Naturally, I don’t mean the delicious pastry treat, I mean the little computing device that may change the world of computing.

In the current market, if one wants to learn to program, one must purchase an expensive device (a computer) in order to take the first steps, which can cost hundreds of dollars (which many people, or even schools do not have the funds for). Add on the cost of books, training resources, and other items, as well as the massive time investment, and we have a rather large barrier to overcome.

As discussed in this blog in earlier entries, there are TONS of free resources for one to use to explore your interest, be it programming, mathematics through Khan Academy, or youtube tutorials, helping to clear at least one of those barriers.

The time investment, just as when learning any skill, is a necessary investment – the more you do it, typically the better you get.

For those of you following at home, that’s two out of the three barriers identified in the first part of this post. But what about the expensive devices? (This is where the Raspberry Pi comes in)

The Raspberry Pi is a computer. A tiny, inexpensive computer (running up to $35 plus shipping). With it, one can run a customized version of a linux operating system, create programs, or go through tutorials in order to work with programming languages. 

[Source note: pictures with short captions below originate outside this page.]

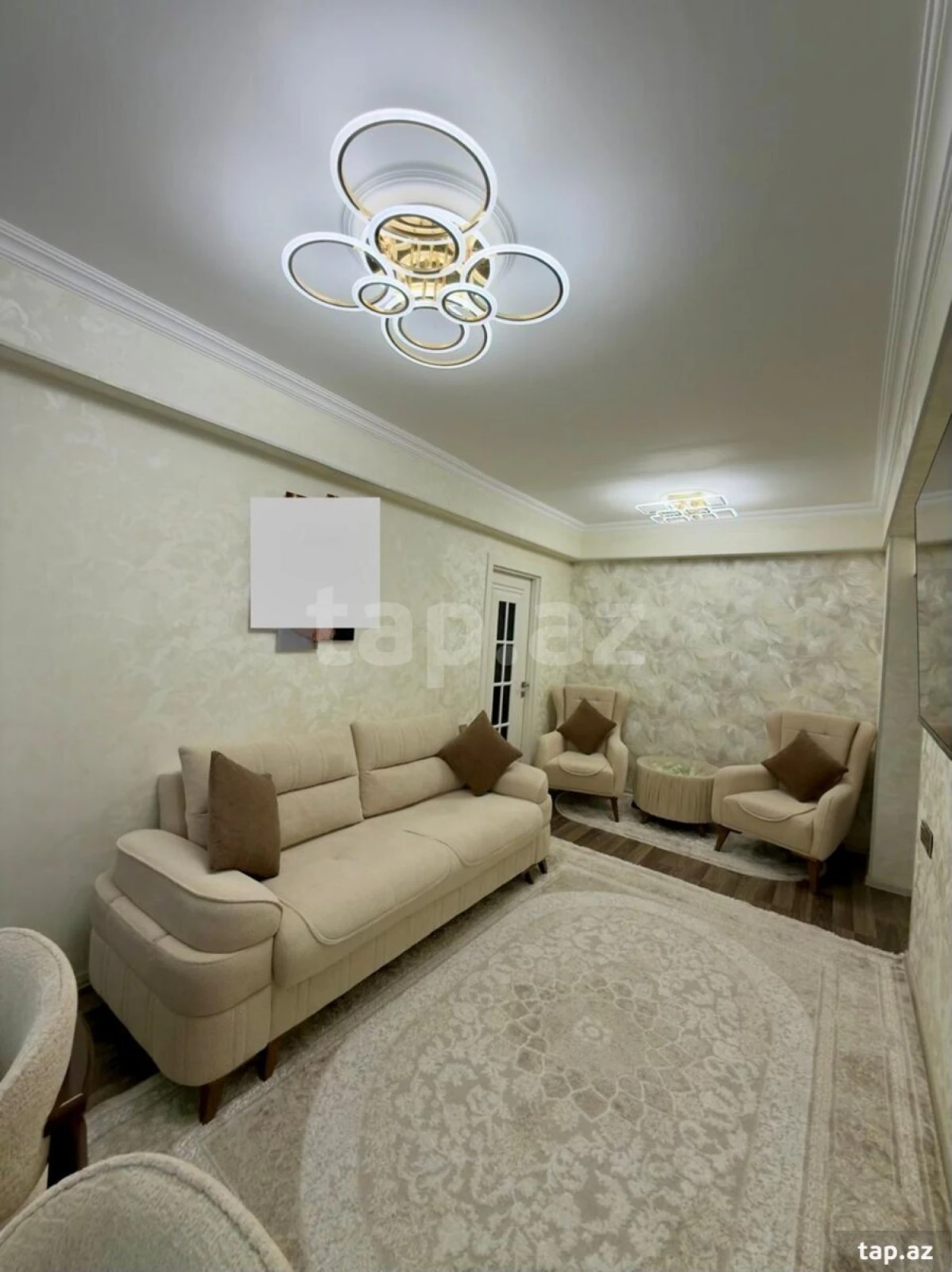 Satılır 3 otaqlı yeni tikili 82 m²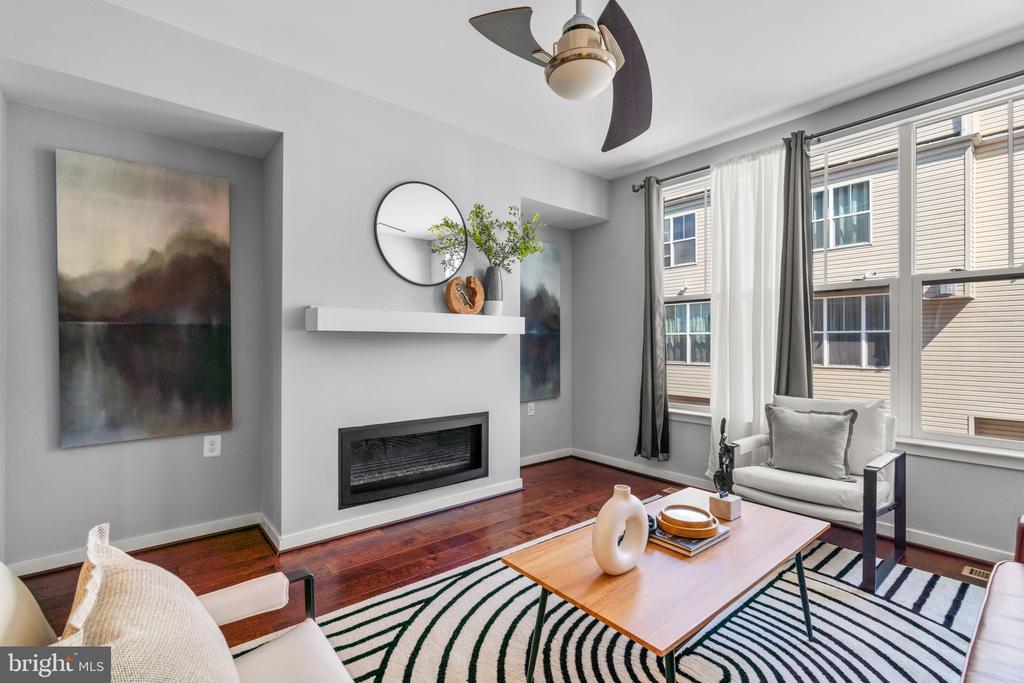 1421 TRAFALGAR LANE
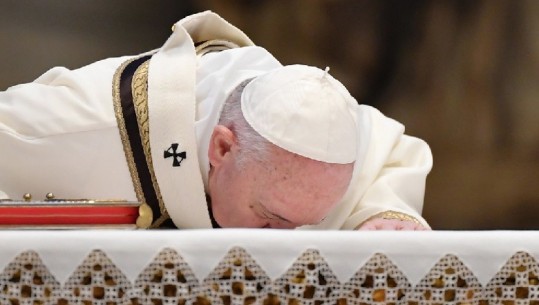 Mesazhi i Papa Françeskut drejtuar Europës:Tani duhet solidaritet, nuk është koha për egoizëm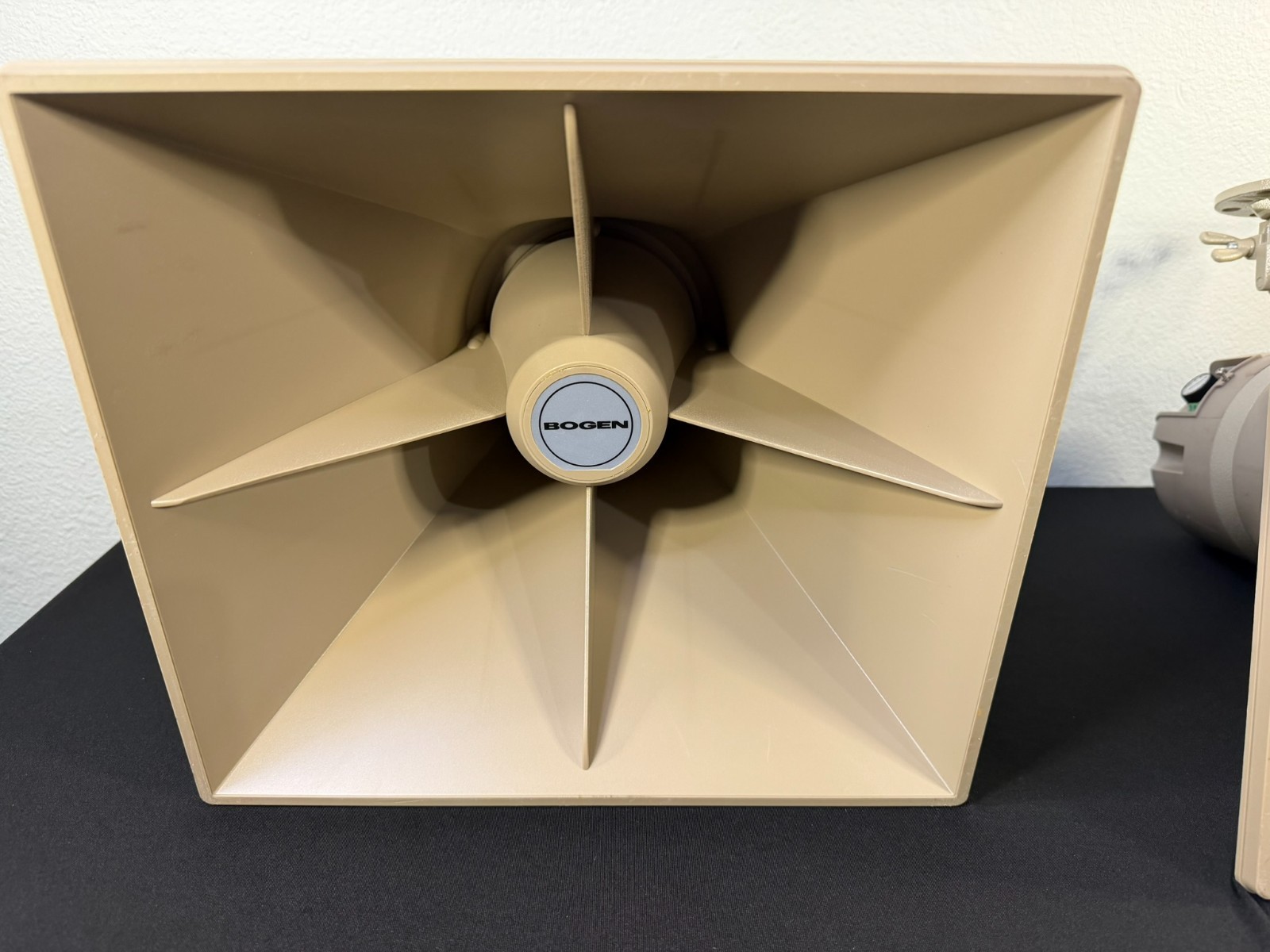 Bogen SAH15 Powered Horn Speakers Pair 24V PA Paging Speakers Read Description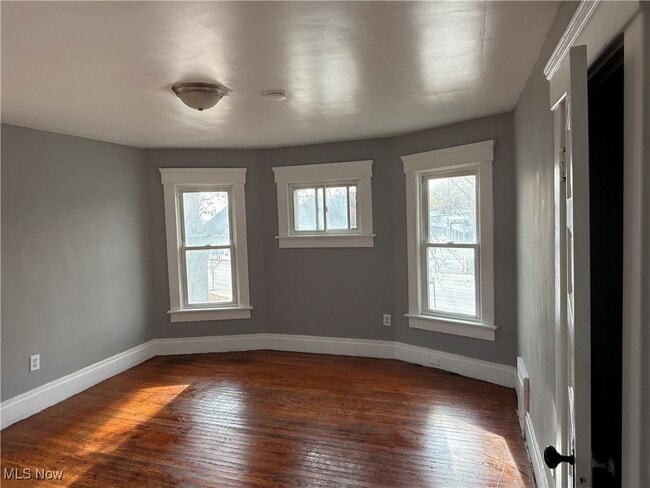 Photo - 699 W Exchange St Unit UP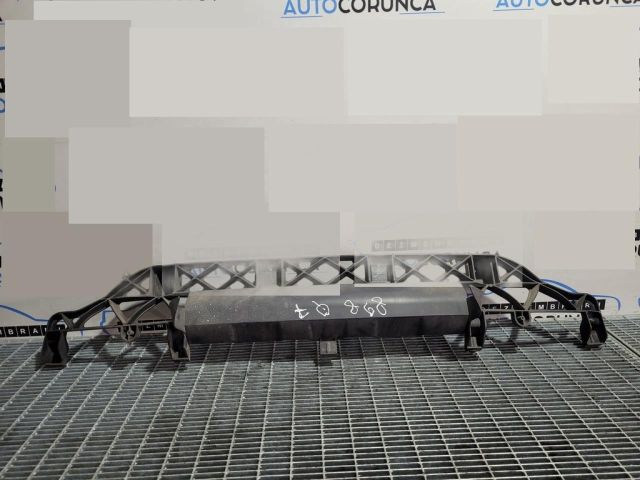 bontott AUDI Q7 Hátsó középső Lökhárító Tartó (Műanyag)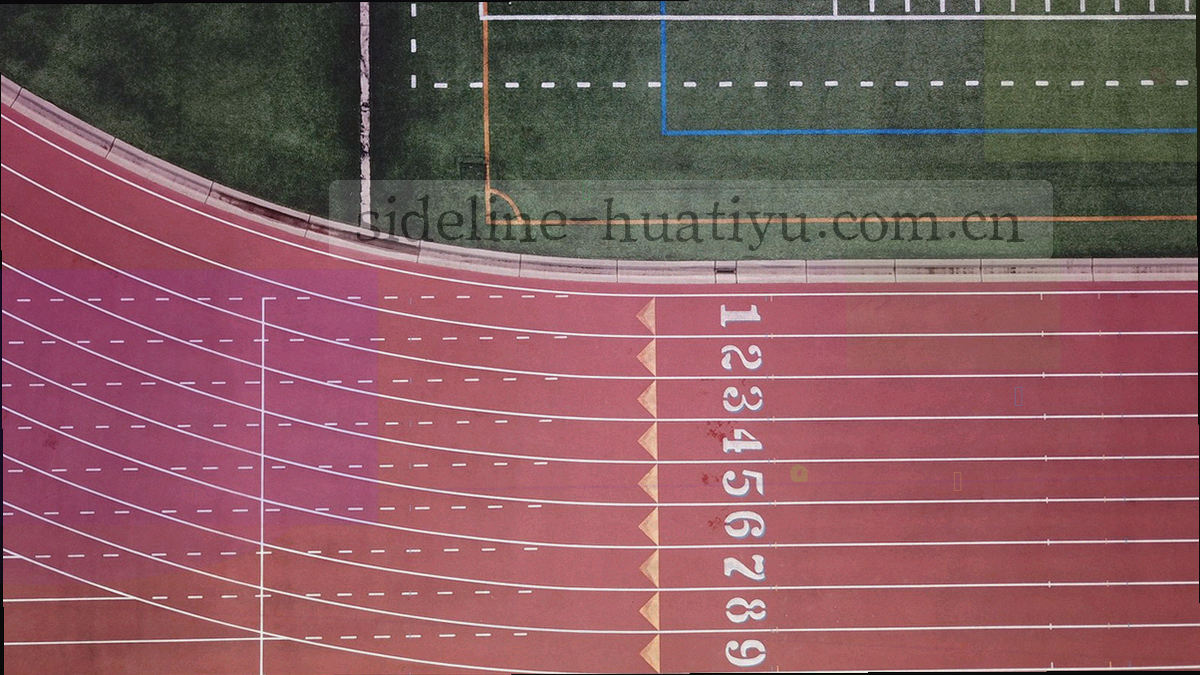 暖光下的电子记分牌特写，显示抽象比分数字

As you can see, it is quite small, and is the entire computer. All you need to do is supply power (Mini-USB cord, which is widely available for cheap), Keyboard/Mouse (USB only), Display (HDMI), ethernet (for internet access), and an SD card to run whatever OS  you installed. These are the same items one would need for any computer regardless (aside from the SD card. In this instance, it is replacing the Hard Drive).

School districts could purchase a class set of these devices at a fraction of the cost of a classroom set of computers or tablets (Figure $400 per item, computer or tablet x 25 = $10,000 compared to $35 x 25 = $875, a Savings of over $9000). Each student could supply their own SD card ($11 for a 16 GB card on NewEgg) for projects (or, the school could supply each student, at their desecration). 

Currently, there is a waiting list to purchase one. I have been on the list since early Spring, and last month, I received an invite to purchase one. It’s been about 3 weeks since I have, with shipping taking up to 12 (as they are being produced and shipped from overseas). Hopefully soon, I will have the little device in my hands, and be able to experiment and learn.

There is currently a very active community surrounding development for this device, with games being created, programs run, and tutorials on things you can do with it (a popular choice is to create a cheap HTPC, a Home Theater PC).

I will assuredly post more about this when I get it. But for now, I am very excited for a taste of Raspberry Pi.